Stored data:
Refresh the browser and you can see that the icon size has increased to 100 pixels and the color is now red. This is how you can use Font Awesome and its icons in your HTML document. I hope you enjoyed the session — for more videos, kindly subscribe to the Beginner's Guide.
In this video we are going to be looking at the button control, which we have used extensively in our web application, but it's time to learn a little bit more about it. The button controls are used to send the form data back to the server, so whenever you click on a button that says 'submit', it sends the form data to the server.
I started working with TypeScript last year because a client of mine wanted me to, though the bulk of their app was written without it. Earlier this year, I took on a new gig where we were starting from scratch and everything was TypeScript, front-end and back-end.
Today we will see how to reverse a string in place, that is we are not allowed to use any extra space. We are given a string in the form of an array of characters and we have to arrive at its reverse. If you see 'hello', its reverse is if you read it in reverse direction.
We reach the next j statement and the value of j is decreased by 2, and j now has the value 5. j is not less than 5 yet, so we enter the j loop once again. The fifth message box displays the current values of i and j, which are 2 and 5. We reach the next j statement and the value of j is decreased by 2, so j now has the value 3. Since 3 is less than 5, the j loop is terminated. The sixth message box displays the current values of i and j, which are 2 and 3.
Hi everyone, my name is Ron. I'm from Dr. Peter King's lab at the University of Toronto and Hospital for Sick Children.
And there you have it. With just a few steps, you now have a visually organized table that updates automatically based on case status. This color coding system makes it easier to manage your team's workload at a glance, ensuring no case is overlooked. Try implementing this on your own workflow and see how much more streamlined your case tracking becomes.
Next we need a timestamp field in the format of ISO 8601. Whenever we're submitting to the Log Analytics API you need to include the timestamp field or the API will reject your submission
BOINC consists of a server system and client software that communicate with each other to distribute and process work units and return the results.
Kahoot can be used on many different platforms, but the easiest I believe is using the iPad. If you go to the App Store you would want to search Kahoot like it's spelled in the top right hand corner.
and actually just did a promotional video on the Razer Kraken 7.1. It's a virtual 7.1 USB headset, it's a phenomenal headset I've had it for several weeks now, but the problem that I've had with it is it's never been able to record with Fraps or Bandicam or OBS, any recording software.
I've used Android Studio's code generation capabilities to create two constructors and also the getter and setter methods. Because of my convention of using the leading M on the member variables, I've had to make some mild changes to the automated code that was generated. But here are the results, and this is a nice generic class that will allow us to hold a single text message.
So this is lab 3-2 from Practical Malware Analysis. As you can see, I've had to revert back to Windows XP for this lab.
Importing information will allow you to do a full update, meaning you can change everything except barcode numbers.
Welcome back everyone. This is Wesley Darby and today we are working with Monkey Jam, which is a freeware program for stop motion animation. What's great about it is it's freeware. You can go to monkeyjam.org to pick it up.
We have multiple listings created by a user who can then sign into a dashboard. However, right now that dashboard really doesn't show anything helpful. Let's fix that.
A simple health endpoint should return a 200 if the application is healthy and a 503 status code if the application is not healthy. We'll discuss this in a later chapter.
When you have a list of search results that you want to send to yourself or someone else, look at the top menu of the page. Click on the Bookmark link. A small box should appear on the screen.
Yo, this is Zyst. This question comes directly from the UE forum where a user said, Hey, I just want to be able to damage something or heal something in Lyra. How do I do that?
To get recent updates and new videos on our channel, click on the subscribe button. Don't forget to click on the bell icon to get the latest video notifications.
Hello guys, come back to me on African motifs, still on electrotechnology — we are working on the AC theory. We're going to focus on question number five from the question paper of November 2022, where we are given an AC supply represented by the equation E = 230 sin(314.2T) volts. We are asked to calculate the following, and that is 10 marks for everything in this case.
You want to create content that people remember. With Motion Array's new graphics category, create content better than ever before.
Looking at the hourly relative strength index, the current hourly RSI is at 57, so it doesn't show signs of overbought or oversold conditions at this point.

◆ What to produce
Write out a verbatim copy of the data, beginning with its first line and ending with the line that contains "In this video".

◆ Task output
Refresh the browser and you can see that the icon size has increased to 100 pixels and the color is now red. This is how you can use Font Awesome and its icons in your HTML document. I hope you enjoyed the session — for more videos, kindly subscribe to the Beginner's Guide.
In this video we are going to be looking at the button control, which we have used extensively in our web application, but it's time to learn a little bit more about it. The button controls are used to send the form data back to the server, so whenever you click on a button that says 'submit', it sends the form data to the server.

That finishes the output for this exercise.